Custody and repatriation (C&R; Chinese: 收容遣送; pinyin: shōuróng qiǎnsòng) was an administrative procedure, established in 1982 and ended in 2003, by which the police in the People's Republic of China (usually cities) could detain people if they did not have a residence permit (hukou) or temporary living permit (zanzhuzheng), and return them to the place where they could legally live or work (usually rural areas). At times the requirement included possession of a valid national identity card. The system was abolished in 2003 after the death of Sun Zhigang, a migrant worker who died from physical abuse while being detained under the C&R system in Guangzhou.

In China there were reported to be some 800 detention camps in 2000 (not including Beijing), and by then several million people had been through them. As well as migrant workers, the Chinese camps usually contained vagrants, beggars, petitioners, and criminals, and the police (Public Security Bureau) earned income by this traffic and sometimes workers' unpaid labor. Often the detentions were unfairly long.

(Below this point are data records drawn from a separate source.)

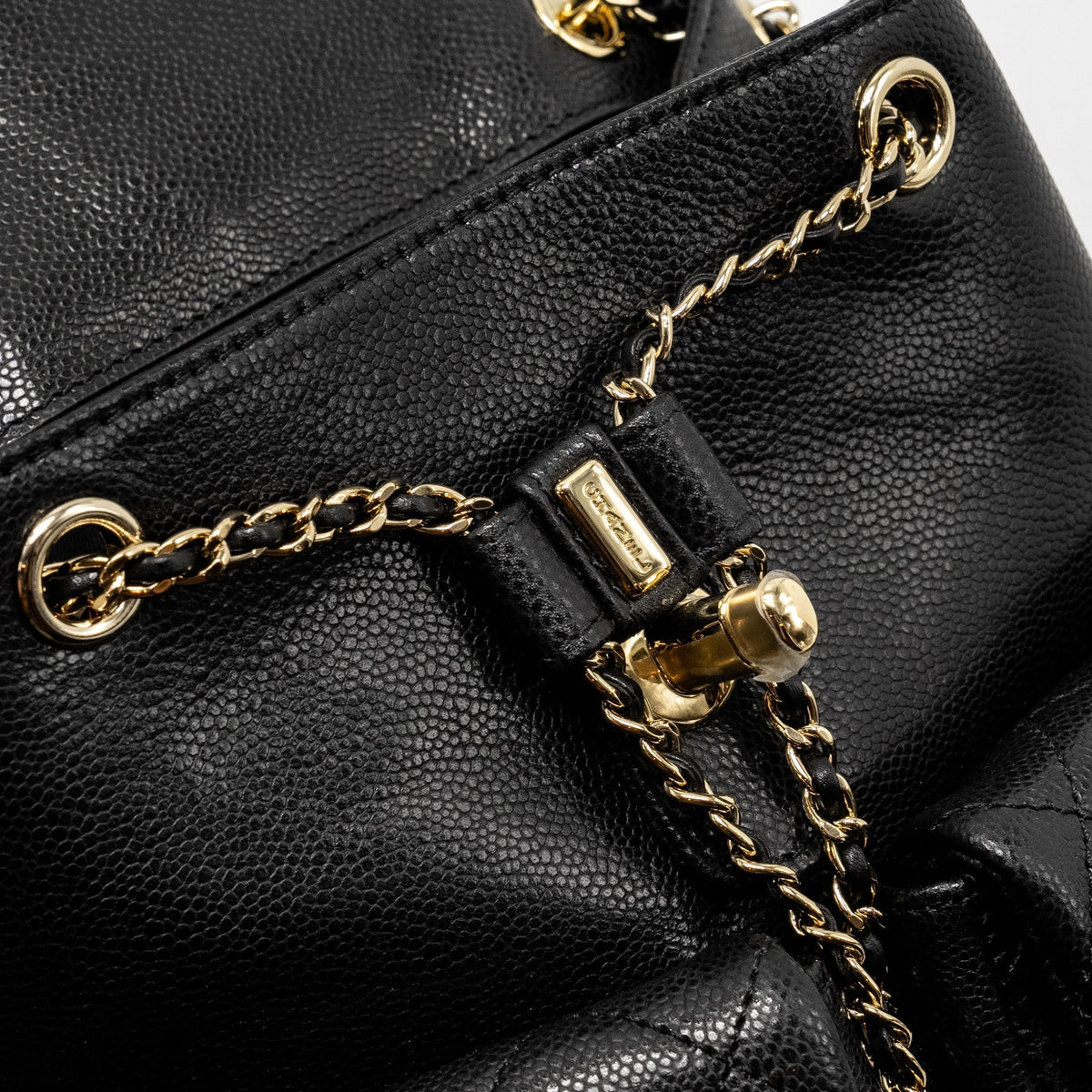 CHANEL TRIPLE PACK BACKPACK CAVIAR BLACK LGHW (MICROCHIP)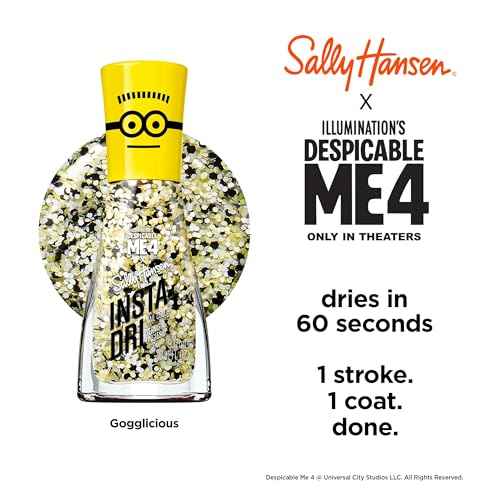 Sally Hansen Insta-Dri Despicable Me Nail Polish | Quick Dry, Long Lasting, Streak-Free Shine | Opaque, Glittery | 771 Gogglicious + 772 Deeply Despicable | Glittery White & Black Shimmer Nail Duo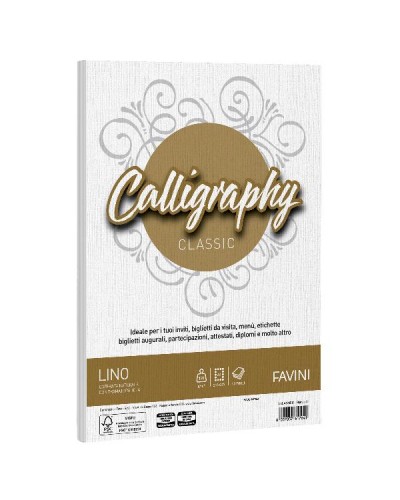 CALLIGRAPHY lino - Bianco - 120g/m2 – 50 fogli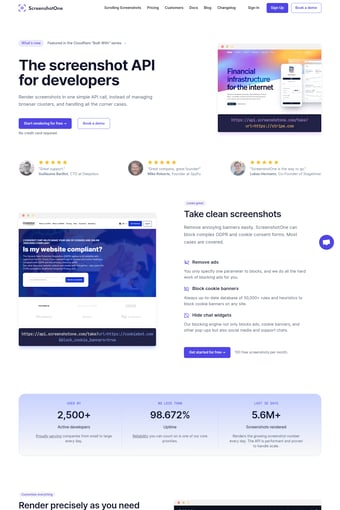 ScreenshotOne landing page
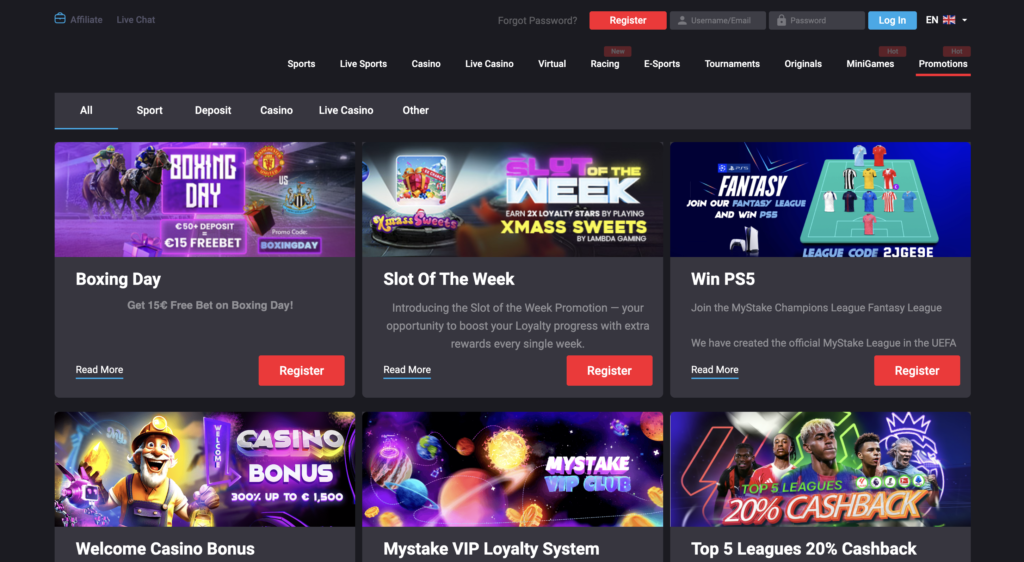mystake casino bonuses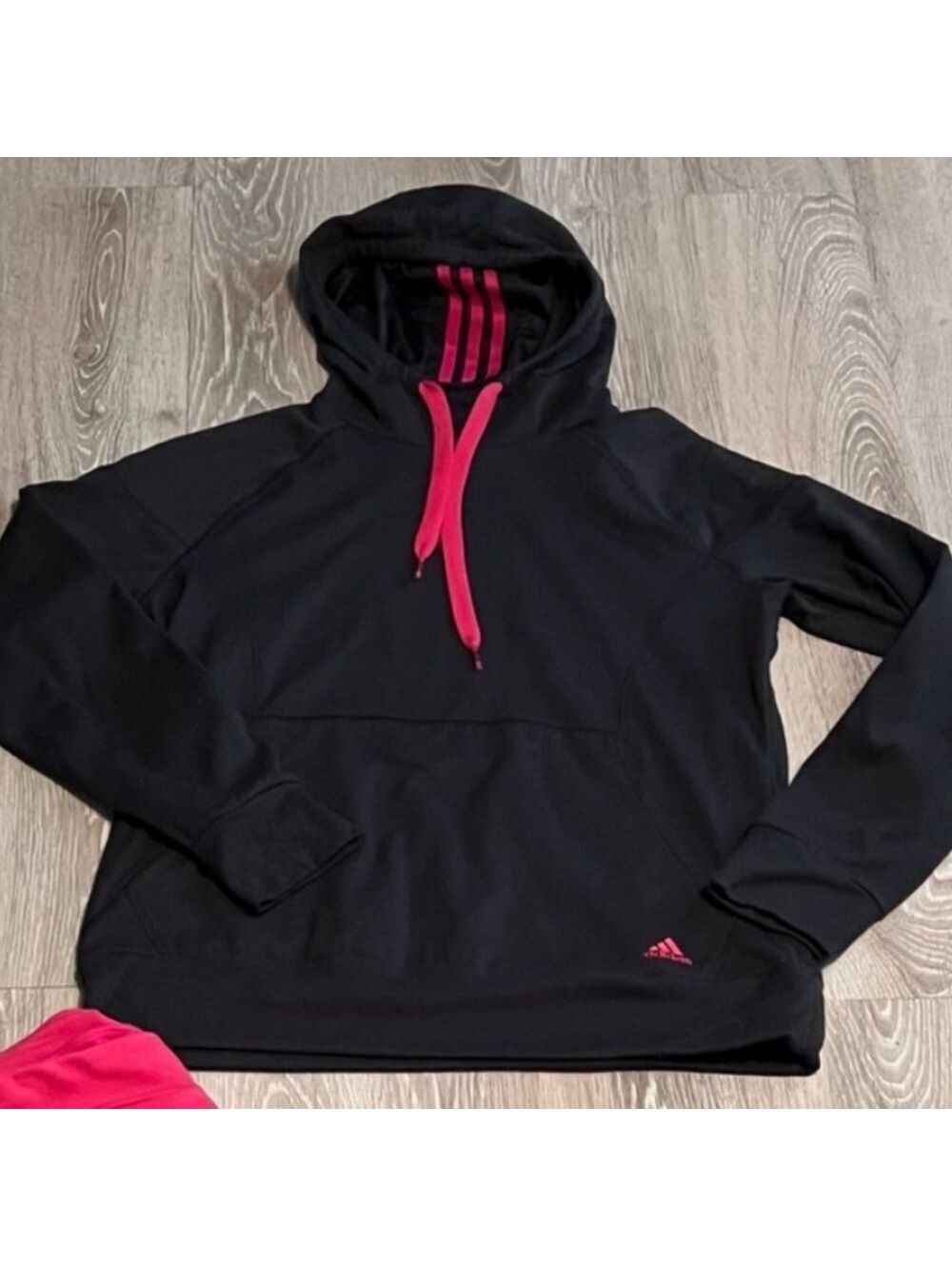 Y2K Adidas Black Pink Fleece Sweatshirt Hoodie L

The ostensible reason for the C&R regulation in 1982 in China was to ameliorate the situation of people in the cities who were beggars or homeless. Originally it applied to "three withouts persons," those with "no fixed place of residence, no means of livelihood and no permits to live in the city in question" but later it was applied in 1991 to others without just the residence or work permits. It built on a 1961 Party directive implementing the hukou system of residence (traditional family registers found in several Asian countries), work permits (issued by police on behalf of work units or employers) to prevent uncontrolled population movements, as passports and visas do internationally, and Resident Identity Cards. In turn, this regulation extended older rules that were used to enforce extrajudicial movements of Nationalist troops away from liberated cities. But as the economic development of cities in the east later required increased domestic migrant workers, the regulations were not adequately adapted or were unfairly enforced, by the Public Security Bureau (police, supposed to be in charge of deportation) instead of the Ministry of Civil Affairs (supposed to be in charge of detention). These abuses became apparent in years before 2003 and there were internal and external warnings and discussion, with some improvements but little effect overall. There were some unpublicized deaths similar to what later occurred.